Die entscheidende Funktion der unauslöschbaren Elemente ist demzufolge nicht die Definition, sondern die Distinktion verschiedener umkämpfter Begriffe. Bildlich gesprochen ermöglicht die Konzentration auf die jeweiligen ineliminable features, Markierungen auf einer begrifflichen Landkarte zu setzen und so zu verdeutlichen, welcher Bedeutungsgehalt den verschiedenen umkämpften Begriffen zuzuordnen ist. So kann mithilfe dieser Aspekte eine sehr minimale Skizze einer begrifflichen Welt (etwa jener der politischen Theorie) erstellt werden. Um eine vollständigere Karte zu erhalten, müssten weitere Bedeutungslücken gefüllt werden.
Freeden stellt weiter die These auf, dass es für jedes Konzept allgemeine und spezifische Fragen gibt, die beantwortet werden müssen.

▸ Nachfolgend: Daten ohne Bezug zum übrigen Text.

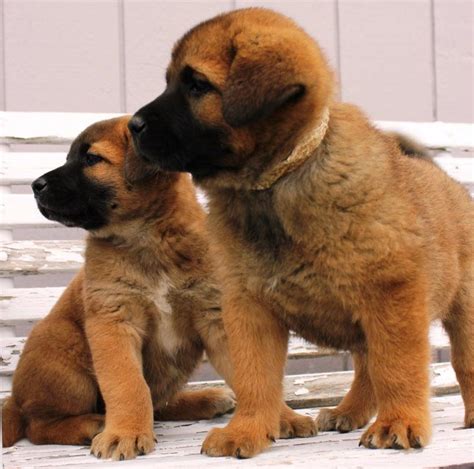 Akita Shepherd (Akita x German Shepherd Mix), Temperament, Puppies ...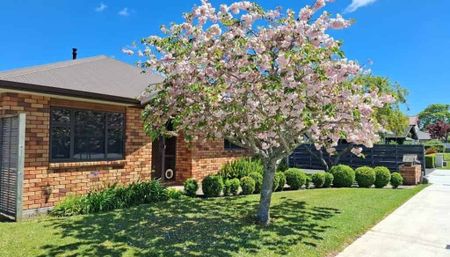 4-Bedroom Home in Central Cambridge – Walk to Town! - Photo 5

Erstere verweisen auf notwendig zu bestimmende Bedeutungskategorien dieser Konzepte, letztere auf zusätzliche, konzeptspezifische Kategorien. So sind etwa für alle politischen Begriffe allgemeine Fragen wie die nach den anthropologischen Grundannahmen, moralischen Überzeugungen und so weiter fundamental. Konzeptspezifische Kategorien ergeben sich aus den Begriffen und ihren Verwendungen. In Bezug auf Freiheit sind etwa Fragen nach dem Subjekt der Freiheit oder den Beschränkungen der Freiheit zentral. Freedens Anspruch ist also nicht, eine substantielle Vorgabe in Bezug auf die Inhalte der jeweiligen Kategorien zu machen, sondern vielmehr den strukturellen oder kategorialen Rahmen der möglichen Bedeutungen eines Begriffs aufzuzeigen.